When using public cloud Kubernetes services, you can even use an account or a subscription that differs from your primary region, with distinct credentials. This approach can prevent human error or malicious actions in one region from affecting another, enabling you to recover your services even if, for example, a ransomware attack compromises your primary account. Also, replicating your backup data from an on-premises object storage bucket to a cloud-based object storage bucket and then restoring your services in the cloud during a disaster are another effective strategy to protect your business-critical applications.

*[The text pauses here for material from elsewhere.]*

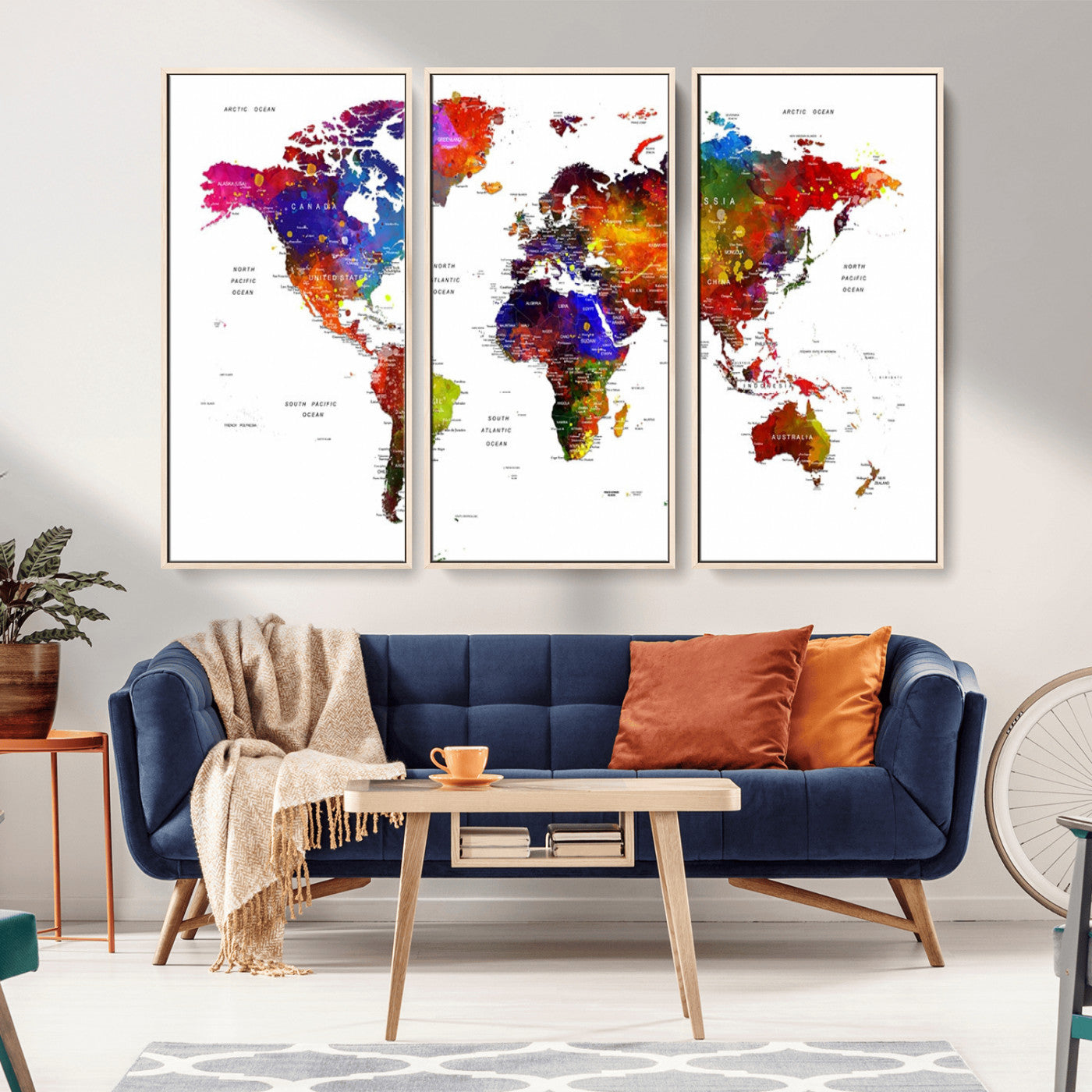 -Push Pin World Map Canvas Print – Travel Tracker Wall Art for Couples, Perfect Anniversary Gift for Home or Office Decor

You might decide, for example, to store only replicated backup data in the cloud while keeping your production environment in your own data center. With this hybrid approach, you still gain the advantages of scalability and geographic distance without having to move your production environment. In a cloud-to-cloud model, both production and DR are in the cloud, although at different sites and in different subscriptions to maintain enough physical and logical separation.
NetApp Trident protect provides advanced application data management capabilities that enhance the functionality and availability of stateful Kubernetes applications supported by NetApp ONTAP storage systems and the NetApp Trident Container Storage Interface (CSI) storage provisioner. It is compatible with a wide range of fully managed and self-managed Kubernetes offerings (see the supported Kubernetes distributions and storage back ends), making it an optimal solution for protecting your Kubernetes services across various platforms and regions.
In this blog post, I show you how to combine Trident protect backup and restore with bucket replication between two different regions, with clusters and buckets hosted on Amazon Web Services (AWS). However, other supported clusters and object storage solutions work the same way. For example, the NetApp StorageGRID® object-based storage solution provides the CloudMirror replication service for its S3 buckets.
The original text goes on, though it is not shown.